Exercise brief
All that is needed is an exact copy of the lines from the beginning of the data below through the line containing "You do have", minus the pictures.

Data segment
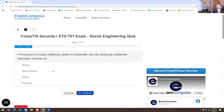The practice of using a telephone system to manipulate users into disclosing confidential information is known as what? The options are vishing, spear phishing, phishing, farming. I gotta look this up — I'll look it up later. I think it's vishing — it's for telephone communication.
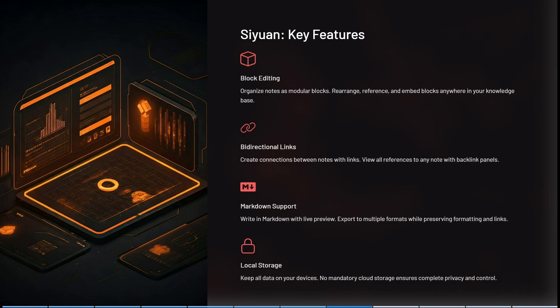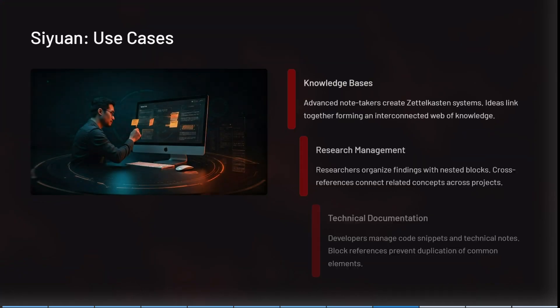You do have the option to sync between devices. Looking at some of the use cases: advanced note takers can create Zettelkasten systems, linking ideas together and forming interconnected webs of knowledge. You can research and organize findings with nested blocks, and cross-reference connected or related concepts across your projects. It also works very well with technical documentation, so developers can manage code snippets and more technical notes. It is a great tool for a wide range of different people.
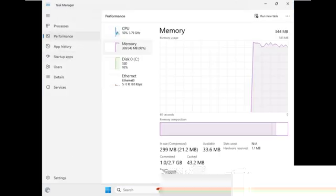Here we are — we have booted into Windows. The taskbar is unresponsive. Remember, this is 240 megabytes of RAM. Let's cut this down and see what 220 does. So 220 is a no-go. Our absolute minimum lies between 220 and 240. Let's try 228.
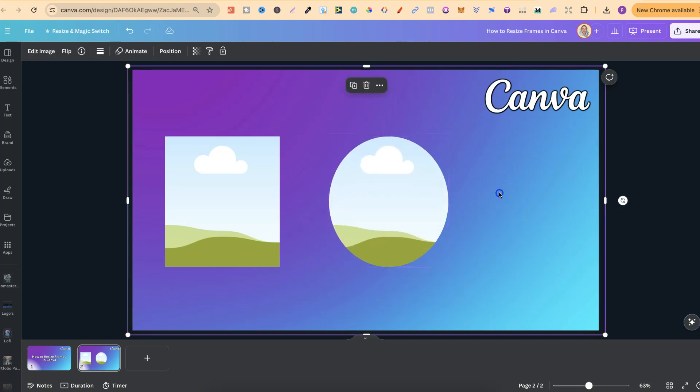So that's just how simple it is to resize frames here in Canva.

Answer to the problem
The practice of using a telephone system to manipulate users into disclosing confidential information is known as what? The options are vishing, spear phishing, phishing, farming. I gotta look this up — I'll look it up later. I think it's vishing — it's for telephone communication.
You do have the option to sync between devices. Looking at some of the use cases: advanced note takers can create Zettelkasten systems, linking ideas together and forming interconnected webs of knowledge. You can research and organize findings with nested blocks, and cross-reference connected or related concepts across your projects. It also works very well with technical documentation, so developers can manage code snippets and more technical notes. It is a great tool for a wide range of different people.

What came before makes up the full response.